I think what's happening here is a matter of overhead -- since the TPU runs on a separate VM (accessible at grpc://$COLAB_TPU_ADDR), each call to run a model on the TPU incurs some amount of overhead as the client (the Colab notebook in this case) sends a graph to the TPU, which is then compiled and run. This overhead is small compared to the time it takes to run e.g. ResNet50 for one epoch, but large compared to run a simple model like the one in your example.
For best results on TPU we recommend using tf.data.Dataset. I updated your example for TensorFlow 2.2:
%tensorflow_version 2.x
import timeit
import os
import tensorflow as tf
from sklearn.datasets import load_iris
from sklearn.model_selection import train_test_split
from tensorflow.keras.models import Sequential
from tensorflow.keras.layers import Dense
from tensorflow.keras.optimizers import Adam
# Load Iris dataset
x = load_iris().data
y = load_iris().target
# Split data to train and validation set
x_train, x_val, y_train, y_val = train_test_split(x, y, test_size=0.30, shuffle=False)
# Convert train data type to use TPU
x_train = x_train.astype('float32')
x_val = x_val.astype('float32')
resolver = tf.distribute.cluster_resolver.TPUClusterResolver(tpu='grpc://' + os.environ['COLAB_TPU_ADDR'])
tf.config.experimental_connect_to_cluster(resolver)
tf.tpu.experimental.initialize_tpu_system(resolver)
strategy = tf.distribute.experimental.TPUStrategy(resolver)
train_dataset = tf.data.Dataset.from_tensor_slices((x_train, y_train)).batch(20)
val_dataset = tf.data.Dataset.from_tensor_slices((x_val, y_val)).batch(20)
# Use the strategy to create and compile a Keras model
with strategy.scope():
model = Sequential()
model.add(Dense(32, input_shape=(4,), activation=tf.nn.relu, name="relu"))
model.add(Dense(3, activation=tf.nn.softmax, name="softmax"))
model.compile(optimizer=Adam(learning_rate=0.1), loss='logcosh')
start = timeit.default_timer()
# Fit the Keras model on the dataset
model.fit(train_dataset, epochs=20, validation_data=val_dataset)
print('\nTime: ', timeit.default_timer() - start)
This takes about 30 seconds to run, compared to ~1.3 seconds to run on CPU. We can substantially reduce the overhead here by repeating the dataset and running one long epoch rather than several small ones.

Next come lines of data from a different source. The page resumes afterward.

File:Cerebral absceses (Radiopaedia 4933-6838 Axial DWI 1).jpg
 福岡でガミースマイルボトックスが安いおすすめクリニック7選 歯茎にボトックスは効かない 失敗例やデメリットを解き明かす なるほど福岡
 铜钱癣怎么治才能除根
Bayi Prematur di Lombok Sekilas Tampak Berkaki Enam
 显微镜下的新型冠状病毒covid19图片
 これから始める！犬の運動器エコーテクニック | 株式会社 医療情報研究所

I replaced the dataset setup with this:
train_dataset = tf.data.Dataset.from_tensor_slices((x_train, y_train)).repeat(20).batch(20)
val_dataset = tf.data.Dataset.from_tensor_slices((x_val, y_val)).batch(20)
And replaced the fit call with this:
model.fit(train_dataset, validation_data=val_dataset)
This brings the runtime down to about 6 seconds for me. This is still slower than CPU, but that's not surprising for such a small model that can easily be run locally. In general, you'll see more benefit from using TPUs with larger models. I recommend looking through TensorFlow's official TPU guide, which presents a larger image classification model for the MNIST dataset.
This is probably due to the batch size you are using. In comparison to CPU and GPU, the training speed of a TPU is highly dependent on the batch size. Check the following site for more information:
https://cloud.google.com/tpu/docs/performance-guide
The Cloud TPU hardware is different from CPUs and GPUs. At a high
level, CPUs can be characterized as having a low number of high
performing threads. GPUs can be characterized as having a very high
number of low performing threads. A Cloud TPU, with its 128 x 128
matrix unit, can be thought of as either a single, very powerful
thread, which can perform 16K ops per cycle, or 128 x 128 tiny, simple
threads that are connected in pipeline fashion. Correspondingly, when
addressing memory, multiples of 8 (floats) are desirable, as well as
multiples of 128 for operations targeting the matrix unit.
This means that the batch size should be a multiple of 128, depending on the number of TPUs. Google Colab provides 8 TPUs to you, so in the best case you should select a batch size of 128 * 8 = 1024.